Now we explain why the time is discrete. Suppose the time is a continuous quantity, the Eq. (3) can be written as,

$$t_{g_i} \ge t_{g_i} + d_{g_i} \quad \forall (g_i, g_j) \in G \tag{6}$$

where  $t_{g_j}$  is the time at which  $g_j$  can switch. But this leads to a need for boolean variable in modeling the index of the current in Eq. (4). Thus we need to discretize the time points. Now that we have justified discretizing time, we will finish our formulation by modeling our objective of minimizing the number of switching time points. Let us introduce another variable z to model this,

$$z \ge n x_{gn} \quad \forall g, n \tag{7}$$

which makes our objective,

 $\min z$ 

Putting everything together,

s.t. 
$$\sum_{n \in N} x_{gn} = 1 \quad \forall g$$
$$\sum_{n \in N} n x_{g_j n} \ge \sum_{n \in N} n x_{g_i n} + d_{g_i} \quad \forall (g_i, g_j) \in G$$
$$i_n = \sum_{g \in G} \sum_{k=0}^n x_{gk} c_{g(n-k)} \quad \forall n$$
$$i_n \le c_{\max} \quad \forall n$$
$$z \ge n x_{gn} \quad \forall g, n$$
$$x_{gn} \in \{0, 1\} \quad \forall g, n$$

This MILP formulation results in an optimal solution for the minimum wakeup time to switch on the gates under the given fanin and current constraints. The MILP turns out to be  $\mathcal{NP}$ -hard and it can be reduced from the Max-Weighted-Clique,<sup>13</sup> a known  $\mathcal{NP}$ -hard problem. We propose a near optimal successive relaxation algorithm in the next section.

#### 3. SUCCESSIVE RELAXATION ALGORITHM

In this section, we describe the proposed successive relaxation algorithm. The optimal MILP formulation becomes an LP if we relax the binary constraint  $x_{gn} \in \{0, 1\}$  to a continuous constraint  $0 \le x_{gn} \le 1$ . The key idea behind the algorithm is using this LP as a subroutine. Since we are solving an LP it is faster to solve and scales much better. During every solve of the LP, the variables  $x_{gn}$  are guided to 0 or 1 depending upon if they are below or above the threshold respectively. The algorithm is presented in Algorithm 1.

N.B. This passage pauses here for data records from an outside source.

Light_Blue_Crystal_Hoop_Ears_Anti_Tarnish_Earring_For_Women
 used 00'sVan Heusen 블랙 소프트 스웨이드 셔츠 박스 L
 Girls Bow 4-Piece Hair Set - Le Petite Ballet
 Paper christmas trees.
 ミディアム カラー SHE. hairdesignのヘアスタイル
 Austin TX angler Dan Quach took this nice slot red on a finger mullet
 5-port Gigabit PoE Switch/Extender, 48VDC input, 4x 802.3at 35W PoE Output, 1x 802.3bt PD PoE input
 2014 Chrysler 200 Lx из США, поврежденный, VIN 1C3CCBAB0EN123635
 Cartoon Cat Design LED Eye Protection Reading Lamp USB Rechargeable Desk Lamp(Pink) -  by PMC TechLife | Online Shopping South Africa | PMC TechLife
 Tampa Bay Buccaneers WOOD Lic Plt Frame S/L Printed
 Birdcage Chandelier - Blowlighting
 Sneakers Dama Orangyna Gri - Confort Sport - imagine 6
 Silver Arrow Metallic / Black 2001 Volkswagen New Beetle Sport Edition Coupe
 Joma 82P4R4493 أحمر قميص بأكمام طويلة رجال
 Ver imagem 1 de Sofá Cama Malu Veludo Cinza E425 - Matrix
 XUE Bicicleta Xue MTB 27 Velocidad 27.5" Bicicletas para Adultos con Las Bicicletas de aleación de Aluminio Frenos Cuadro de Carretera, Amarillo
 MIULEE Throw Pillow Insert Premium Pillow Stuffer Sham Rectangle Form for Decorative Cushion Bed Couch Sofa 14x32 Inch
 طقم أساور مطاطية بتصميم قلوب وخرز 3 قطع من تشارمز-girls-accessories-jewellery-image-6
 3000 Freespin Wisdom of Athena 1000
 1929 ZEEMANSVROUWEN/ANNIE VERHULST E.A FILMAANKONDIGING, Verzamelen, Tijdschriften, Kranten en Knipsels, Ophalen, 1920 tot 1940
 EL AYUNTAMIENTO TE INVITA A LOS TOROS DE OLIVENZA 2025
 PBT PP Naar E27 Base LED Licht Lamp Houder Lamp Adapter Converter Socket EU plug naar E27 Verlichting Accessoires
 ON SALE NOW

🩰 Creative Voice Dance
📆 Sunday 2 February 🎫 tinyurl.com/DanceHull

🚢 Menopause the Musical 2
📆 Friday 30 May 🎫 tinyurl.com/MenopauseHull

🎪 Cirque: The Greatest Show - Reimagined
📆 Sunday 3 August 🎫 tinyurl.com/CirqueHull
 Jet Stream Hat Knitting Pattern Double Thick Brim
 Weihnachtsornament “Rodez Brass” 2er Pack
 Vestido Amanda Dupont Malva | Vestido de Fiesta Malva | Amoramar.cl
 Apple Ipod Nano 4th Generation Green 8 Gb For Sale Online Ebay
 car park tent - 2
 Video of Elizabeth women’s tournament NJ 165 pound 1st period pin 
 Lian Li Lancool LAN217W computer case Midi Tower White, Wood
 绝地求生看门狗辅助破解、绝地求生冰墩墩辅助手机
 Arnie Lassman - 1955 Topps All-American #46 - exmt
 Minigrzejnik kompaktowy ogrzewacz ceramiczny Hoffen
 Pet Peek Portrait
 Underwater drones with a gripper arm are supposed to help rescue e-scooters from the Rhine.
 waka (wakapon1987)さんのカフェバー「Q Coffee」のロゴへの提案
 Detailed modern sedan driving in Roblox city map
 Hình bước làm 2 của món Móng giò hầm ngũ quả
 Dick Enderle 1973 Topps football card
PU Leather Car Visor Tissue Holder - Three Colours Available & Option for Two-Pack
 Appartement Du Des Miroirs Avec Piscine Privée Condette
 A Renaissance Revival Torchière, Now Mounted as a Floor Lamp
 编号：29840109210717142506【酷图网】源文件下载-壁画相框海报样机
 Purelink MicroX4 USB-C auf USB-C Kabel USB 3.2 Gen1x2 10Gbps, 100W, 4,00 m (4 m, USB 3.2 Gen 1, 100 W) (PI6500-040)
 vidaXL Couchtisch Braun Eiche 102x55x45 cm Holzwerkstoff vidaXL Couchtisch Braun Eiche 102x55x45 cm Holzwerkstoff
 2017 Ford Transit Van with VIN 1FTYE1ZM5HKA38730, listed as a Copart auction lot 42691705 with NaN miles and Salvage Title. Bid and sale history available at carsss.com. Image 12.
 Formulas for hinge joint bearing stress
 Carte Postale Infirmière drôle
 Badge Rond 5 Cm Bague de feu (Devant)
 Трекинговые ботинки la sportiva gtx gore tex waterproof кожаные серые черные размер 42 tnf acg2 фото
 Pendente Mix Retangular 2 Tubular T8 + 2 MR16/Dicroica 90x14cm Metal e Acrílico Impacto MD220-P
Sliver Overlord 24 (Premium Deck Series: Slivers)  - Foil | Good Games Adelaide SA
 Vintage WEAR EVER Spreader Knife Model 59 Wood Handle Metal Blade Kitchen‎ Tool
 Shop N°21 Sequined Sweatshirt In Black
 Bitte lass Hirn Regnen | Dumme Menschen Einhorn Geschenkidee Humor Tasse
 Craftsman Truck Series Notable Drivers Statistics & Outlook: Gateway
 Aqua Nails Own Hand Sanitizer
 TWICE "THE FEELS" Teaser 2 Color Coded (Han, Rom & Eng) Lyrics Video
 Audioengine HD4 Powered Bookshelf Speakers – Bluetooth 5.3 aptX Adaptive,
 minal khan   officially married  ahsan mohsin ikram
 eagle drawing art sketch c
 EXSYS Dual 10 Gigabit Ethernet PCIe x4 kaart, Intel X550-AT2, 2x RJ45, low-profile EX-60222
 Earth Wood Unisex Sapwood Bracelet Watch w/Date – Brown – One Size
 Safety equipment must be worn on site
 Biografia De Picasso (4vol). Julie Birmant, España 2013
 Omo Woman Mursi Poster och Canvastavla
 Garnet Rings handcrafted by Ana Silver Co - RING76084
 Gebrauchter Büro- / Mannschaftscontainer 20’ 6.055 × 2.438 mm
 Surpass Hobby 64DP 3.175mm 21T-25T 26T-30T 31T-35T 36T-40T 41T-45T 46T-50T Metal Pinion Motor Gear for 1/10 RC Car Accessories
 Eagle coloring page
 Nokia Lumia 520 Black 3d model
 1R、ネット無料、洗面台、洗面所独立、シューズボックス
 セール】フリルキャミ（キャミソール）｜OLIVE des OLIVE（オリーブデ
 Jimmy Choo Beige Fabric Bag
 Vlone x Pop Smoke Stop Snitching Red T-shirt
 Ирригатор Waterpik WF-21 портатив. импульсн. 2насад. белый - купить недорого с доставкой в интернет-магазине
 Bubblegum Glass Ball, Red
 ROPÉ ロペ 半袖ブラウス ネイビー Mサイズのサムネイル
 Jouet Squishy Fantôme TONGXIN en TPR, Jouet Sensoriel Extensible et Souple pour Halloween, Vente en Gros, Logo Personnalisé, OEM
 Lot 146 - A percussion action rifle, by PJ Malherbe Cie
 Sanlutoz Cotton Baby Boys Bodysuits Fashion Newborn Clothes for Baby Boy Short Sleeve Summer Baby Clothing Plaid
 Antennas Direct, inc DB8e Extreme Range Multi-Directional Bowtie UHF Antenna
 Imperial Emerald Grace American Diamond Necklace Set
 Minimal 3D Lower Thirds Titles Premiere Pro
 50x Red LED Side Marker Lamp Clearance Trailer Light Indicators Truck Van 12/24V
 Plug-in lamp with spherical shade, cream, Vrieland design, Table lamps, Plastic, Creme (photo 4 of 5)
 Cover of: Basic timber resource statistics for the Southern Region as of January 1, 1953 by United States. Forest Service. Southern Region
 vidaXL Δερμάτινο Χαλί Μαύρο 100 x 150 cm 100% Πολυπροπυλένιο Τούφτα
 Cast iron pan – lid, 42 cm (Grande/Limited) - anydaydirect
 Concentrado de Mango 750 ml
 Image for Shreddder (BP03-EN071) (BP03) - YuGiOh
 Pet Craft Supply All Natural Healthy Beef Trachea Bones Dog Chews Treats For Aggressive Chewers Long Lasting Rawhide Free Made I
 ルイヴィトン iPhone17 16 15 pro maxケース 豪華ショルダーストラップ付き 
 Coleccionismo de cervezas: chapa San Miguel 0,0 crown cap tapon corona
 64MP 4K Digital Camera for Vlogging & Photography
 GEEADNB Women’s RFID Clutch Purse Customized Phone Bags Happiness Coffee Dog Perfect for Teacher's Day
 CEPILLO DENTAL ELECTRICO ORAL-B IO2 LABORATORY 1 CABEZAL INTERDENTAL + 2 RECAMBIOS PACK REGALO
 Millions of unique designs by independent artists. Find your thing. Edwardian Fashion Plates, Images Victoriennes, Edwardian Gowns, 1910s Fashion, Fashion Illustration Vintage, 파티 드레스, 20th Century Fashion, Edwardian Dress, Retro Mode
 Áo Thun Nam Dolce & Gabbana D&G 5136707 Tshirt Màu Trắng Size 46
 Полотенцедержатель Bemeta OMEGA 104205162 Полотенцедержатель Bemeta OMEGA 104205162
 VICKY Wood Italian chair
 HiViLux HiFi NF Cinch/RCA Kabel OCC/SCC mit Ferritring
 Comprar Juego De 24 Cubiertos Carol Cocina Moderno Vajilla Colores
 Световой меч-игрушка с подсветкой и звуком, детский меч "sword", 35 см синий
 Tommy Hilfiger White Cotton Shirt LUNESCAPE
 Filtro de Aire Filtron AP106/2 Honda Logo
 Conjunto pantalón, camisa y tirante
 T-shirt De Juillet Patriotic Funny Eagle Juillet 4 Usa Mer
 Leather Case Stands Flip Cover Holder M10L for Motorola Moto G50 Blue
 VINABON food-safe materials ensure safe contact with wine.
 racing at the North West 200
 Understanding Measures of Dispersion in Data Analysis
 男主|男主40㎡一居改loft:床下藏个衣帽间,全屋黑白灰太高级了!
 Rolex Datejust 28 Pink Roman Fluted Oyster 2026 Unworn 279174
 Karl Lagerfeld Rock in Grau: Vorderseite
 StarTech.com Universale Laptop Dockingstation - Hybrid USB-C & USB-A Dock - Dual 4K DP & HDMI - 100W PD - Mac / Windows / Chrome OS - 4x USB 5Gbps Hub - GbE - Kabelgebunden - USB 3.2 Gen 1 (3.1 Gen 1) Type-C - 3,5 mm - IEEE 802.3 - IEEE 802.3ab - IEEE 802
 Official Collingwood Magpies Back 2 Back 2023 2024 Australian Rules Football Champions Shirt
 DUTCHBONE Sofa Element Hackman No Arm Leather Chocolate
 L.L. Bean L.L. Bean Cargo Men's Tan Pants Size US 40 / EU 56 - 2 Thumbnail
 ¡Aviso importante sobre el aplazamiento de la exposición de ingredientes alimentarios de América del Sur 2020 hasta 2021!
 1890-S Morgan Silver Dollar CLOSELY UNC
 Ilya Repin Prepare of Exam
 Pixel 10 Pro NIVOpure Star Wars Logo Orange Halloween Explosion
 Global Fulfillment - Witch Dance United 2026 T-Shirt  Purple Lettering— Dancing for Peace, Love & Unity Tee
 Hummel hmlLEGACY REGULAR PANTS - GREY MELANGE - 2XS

| Algorithm 1. Minimize Wakeup Time                               |  |  |  |  |  |
|-----------------------------------------------------------------|--|--|--|--|--|
| Input: G gates, N switching time points,                        |  |  |  |  |  |
| maximum current $c_{\text{max}}$                                |  |  |  |  |  |
| <b>Output:</b> G gates scheduled time for wakeup                |  |  |  |  |  |
| 1: build and solve the LP got by relaxing the MILP              |  |  |  |  |  |
| 2: scheduled $\leftarrow \phi$                                  |  |  |  |  |  |
| 3: ready $\leftarrow$ gates driven by primary inputs            |  |  |  |  |  |
| 4: while all the gates are not scheduled do                     |  |  |  |  |  |
| 5: for every gate g in ready do                                 |  |  |  |  |  |
| 6: <b>if</b> one of $x_{gn}$ is above threshold <b>then</b>     |  |  |  |  |  |
| 7: Add a new constraint to the LP by setting the $x_{gn}$ above |  |  |  |  |  |
| threshold to 1                                                  |  |  |  |  |  |
| 8: <b>if</b> the new LP is feasible <b>then</b>                 |  |  |  |  |  |
| 9: transfer the gate g from ready to scheduled                  |  |  |  |  |  |
| 10: <b>for</b> every successor gate $g_s$ of gate g <b>do</b>   |  |  |  |  |  |
| 11: <b>if</b> all the famins of $g_s$ in scheduled <b>then</b>  |  |  |  |  |  |
| 12: add gate $g_s$ to ready                                     |  |  |  |  |  |
| 13: else                                                        |  |  |  |  |  |
| 14: Remove the constraint in line 7                             |  |  |  |  |  |
| 15: Increase the number of switching time points N              |  |  |  |  |  |
| 16: Incrementally solve the new LP                              |  |  |  |  |  |
| 17: else                                                        |  |  |  |  |  |
| 18: guide it to threshold by narrowing the time window in       |  |  |  |  |  |
| which the gate can switch                                       |  |  |  |  |  |

To give a concise summary of the Algorithm 1, first we build and solve the LP got from relaxing the MILP model. On solving the LP model we get  $x_{gn}$  to be a continuous value between [0, 1]. The rest of code attempts to constrain it to a binary value.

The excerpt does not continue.